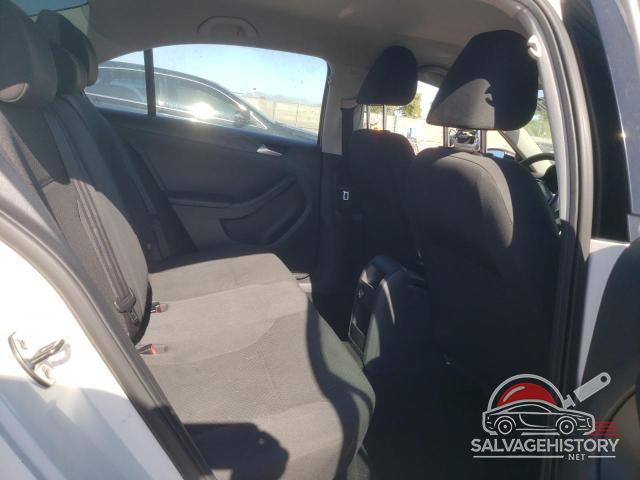 3VW2K7AJ3EM368886 2014 VOLKSWAGEN JETTA photo no. 10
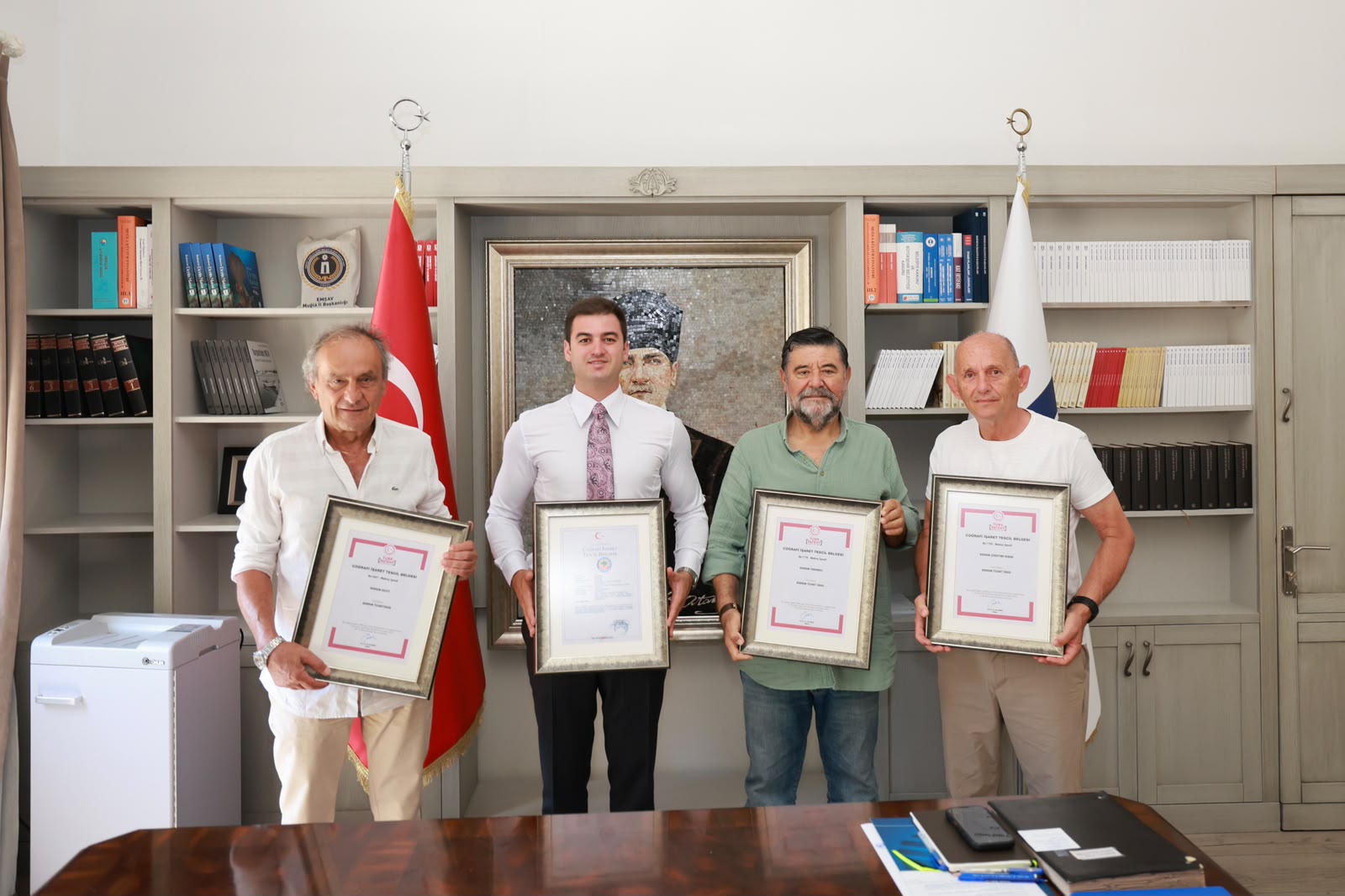 BODTO’DAN BAŞKAN TAMER MANDALİNCİ’YE COĞRAFİ İŞARET TESCİL BELGELERİ TAKDİMİ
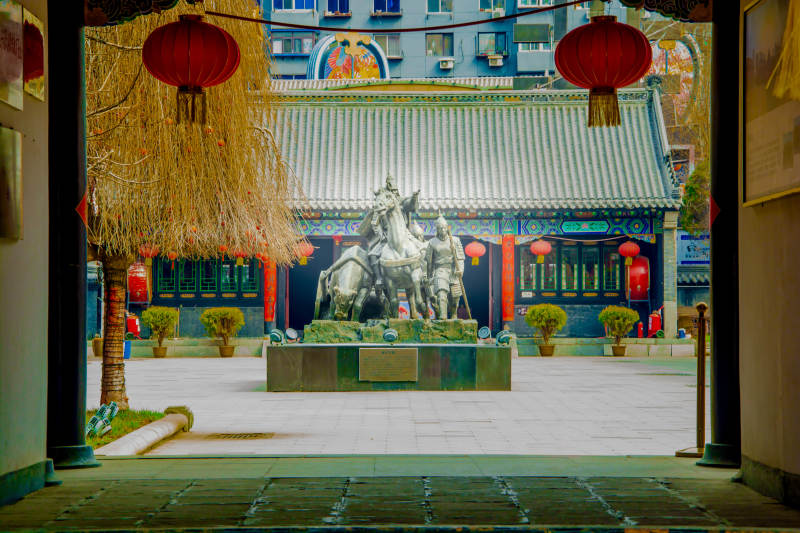 红灯笼下的古寺庭院图片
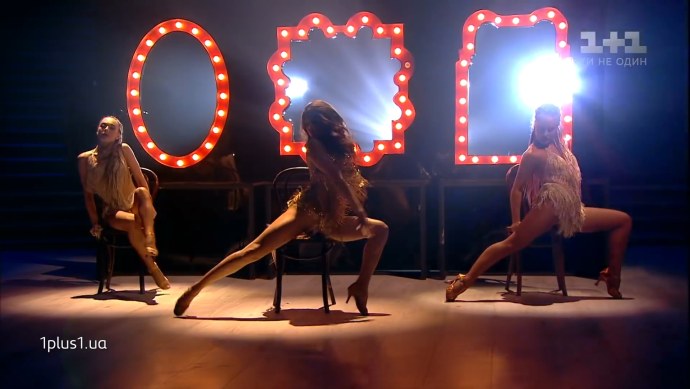 Шоу танцы Мишель танцует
+ + + + + + +
_WHAT YOU ARE ASKED TO DO_:
Each line of the listing above should be retyped exactly, with no pictures.

_SOLUTION BELOW_:
 3VW2K7AJ3EM368886 2014 VOLKSWAGEN JETTA photo no. 10
 BODTO’DAN BAŞKAN TAMER MANDALİNCİ’YE COĞRAFİ İŞARET TESCİL BELGELERİ TAKDİMİ
 红灯笼下的古寺庭院图片
 Шоу танцы Мишель танцует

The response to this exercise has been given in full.